• _RAW DATA_
++++++++++++++++++++

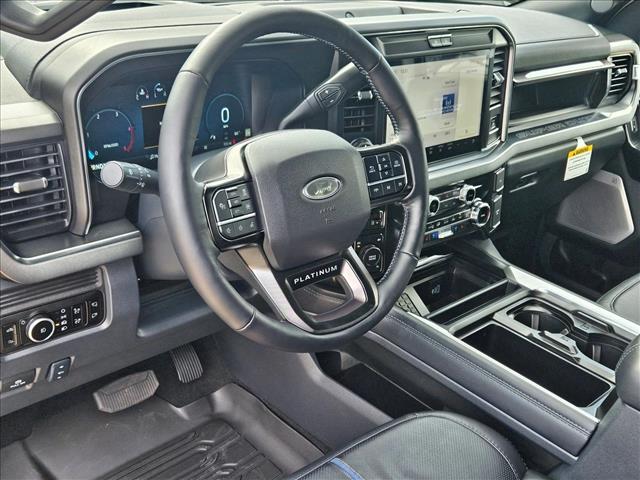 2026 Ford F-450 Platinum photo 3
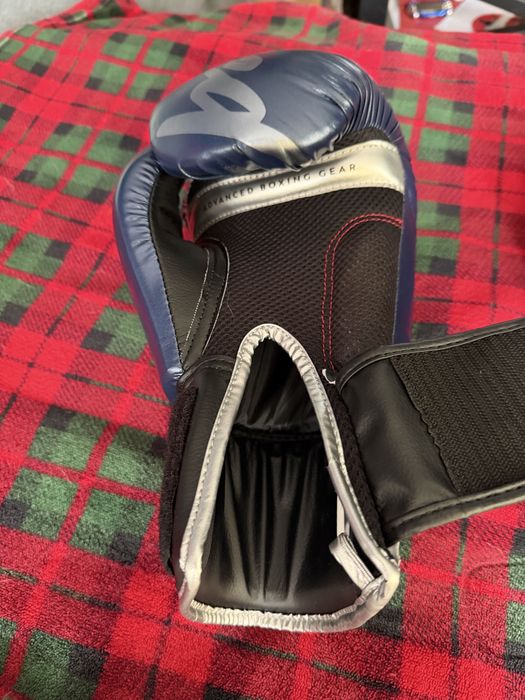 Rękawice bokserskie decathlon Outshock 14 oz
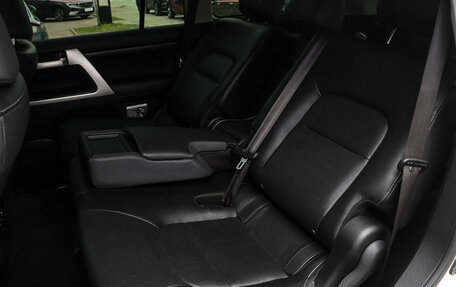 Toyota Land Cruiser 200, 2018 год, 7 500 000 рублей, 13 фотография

++++++++++++++++++++

• _EXERCISE GOAL_
Go through the material above and repeat it exactly. Omit the pictures.

• _THE COMPLETED TASK_
 2026 Ford F-450 Platinum photo 3
 Rękawice bokserskie decathlon Outshock 14 oz
 Toyota Land Cruiser 200, 2018 год, 7 500 000 рублей, 13 фотография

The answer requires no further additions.